Using the data below, return word for word every line from the one holding "Alright, so the" down to the one holding "In this image, the". Leave pictures out.

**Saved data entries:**
════════════════
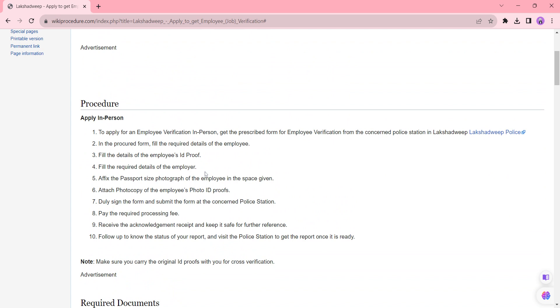So after completing these things you need to submit the necessary documents and the application form to the concerned police officer. After that the officer will be checking the documents. If they are in place it will be accepted. Now you need to pay the prescribed amount as per the authority request. After the payment you will be getting acknowledgement receipt. Keep it safe for future reference.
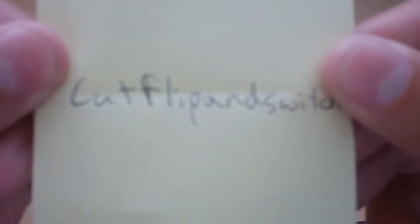Alright, so the first prize winner is Cut, Flip, and Switch. You're going to have first choice.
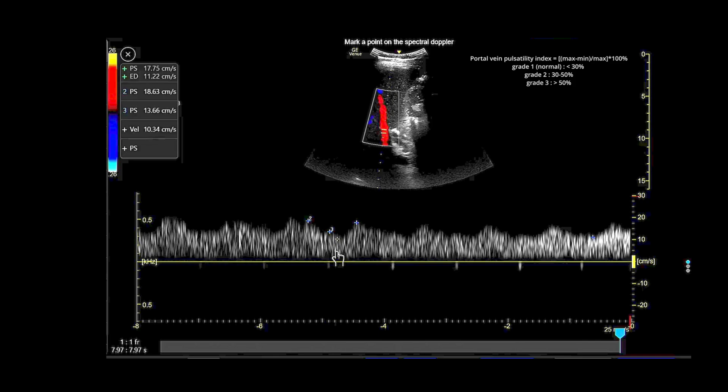In this image, the Vmax is 18.63 and the Vmin is 13.66, from which we can calculate the PVPF.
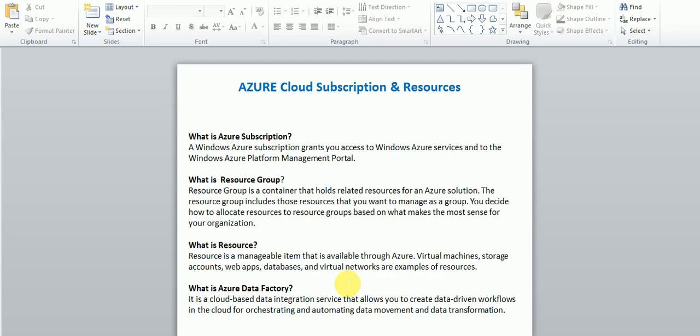To summarize: an Azure subscription grants you access to all Windows Azure services, and billing is given monthly. Resource group is a container or folder that contains all attached resources. A resource is a software or component available in Azure cloud — like virtual machines, storage accounts, web apps, databases, virtual networks — all of these are resources.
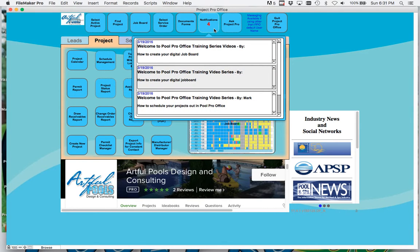Welcome to PoolProOffice training series videos. This video is going to be how to create your digital job folder and job board.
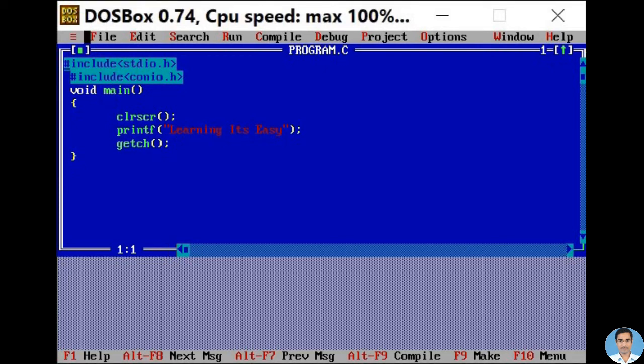My dear students, today we are going to see how to solve the mouse stuck problem in Turbo C. Sometimes while executing the program in Turbo C, our mouse gets stuck. Today we are going to see how to solve this problem.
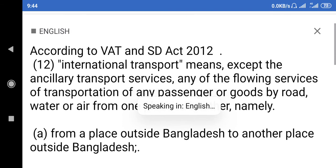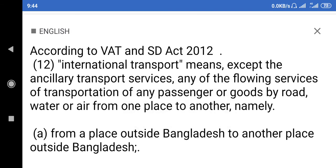According to VAT and SD Act 2012, item 12 covers international transport means. Except the ancillary transport services, any of the following services of transportation of any passenger or goods by road, water, or air from one place to another.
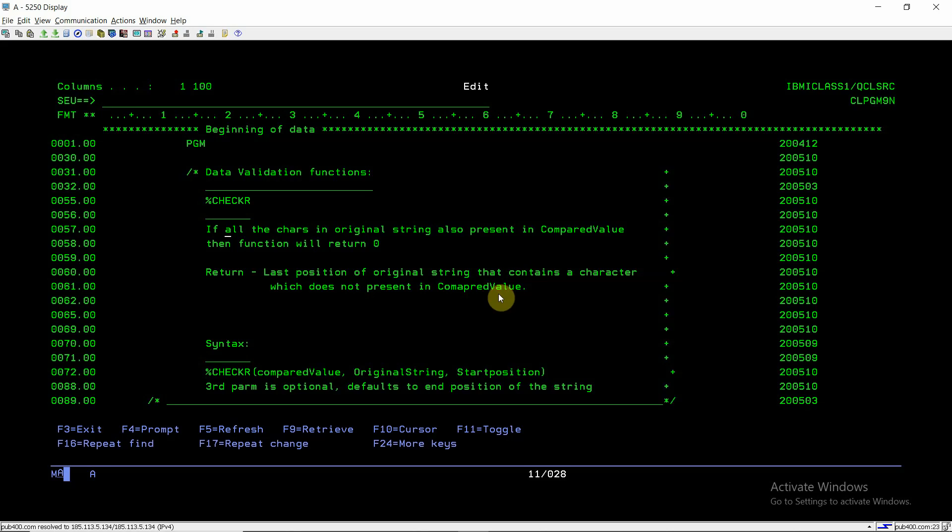Welcome back to this channel IBMI Classes. In this video session, I will discuss data validation function. Percent Check R. So what is this function?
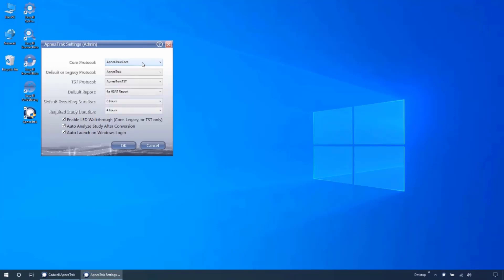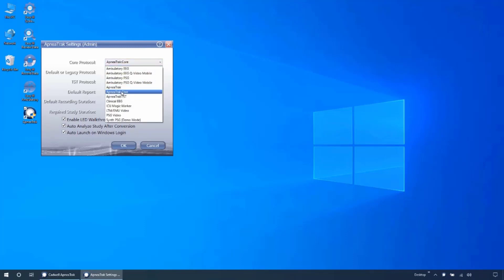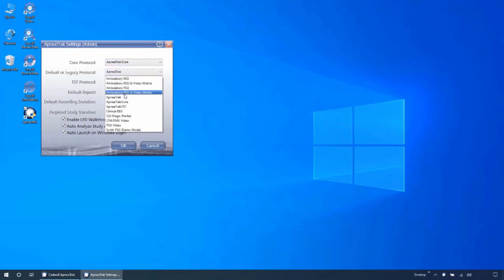For new installation, select ApneaTrak Core for the Core protocol, ApneaTrak for the Legacy protocol, and ApneaTrak TST for the TST protocol.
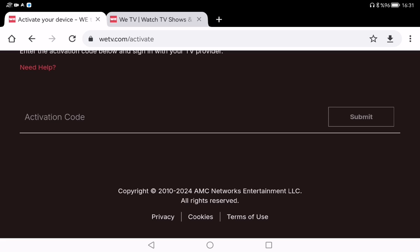Depending on your setup, you might be asked to log in with your TV provider — just select your provider from the list, enter your username and password, and you should be good to go. And that's it! Once you are logged in, your device should refresh automatically and you will have full access to all the VTV content right on your screen. Go ahead and start browsing shows and enjoy. Thank you so much for watching, take care!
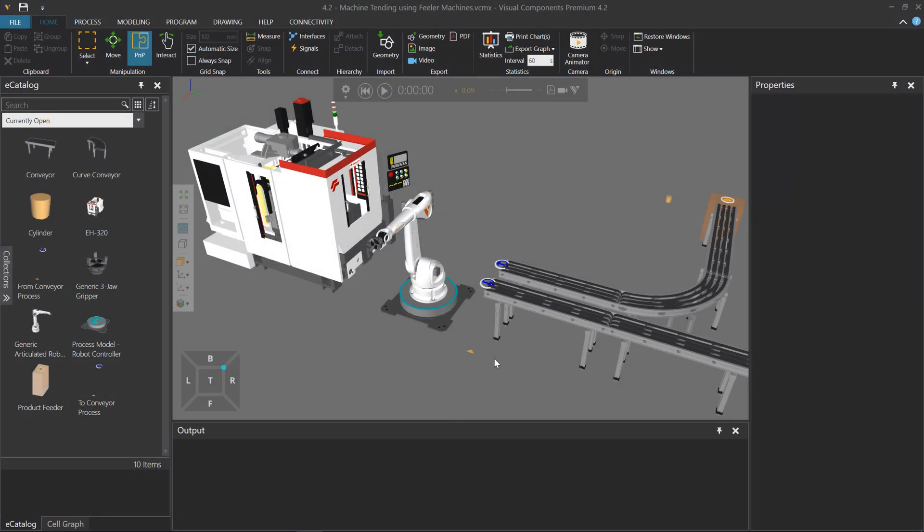Hello, this is William from Visual Components. In this video, I'm going to give you a brief introduction to Process Modeling, a new feature in Visual Components 4.2.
════════════════
**FINAL ANSWER:**
Alright, so the first prize winner is Cut, Flip, and Switch. You're going to have first choice.
In this image, the Vmax is 18.63 and the Vmin is 13.66, from which we can calculate the PVPF.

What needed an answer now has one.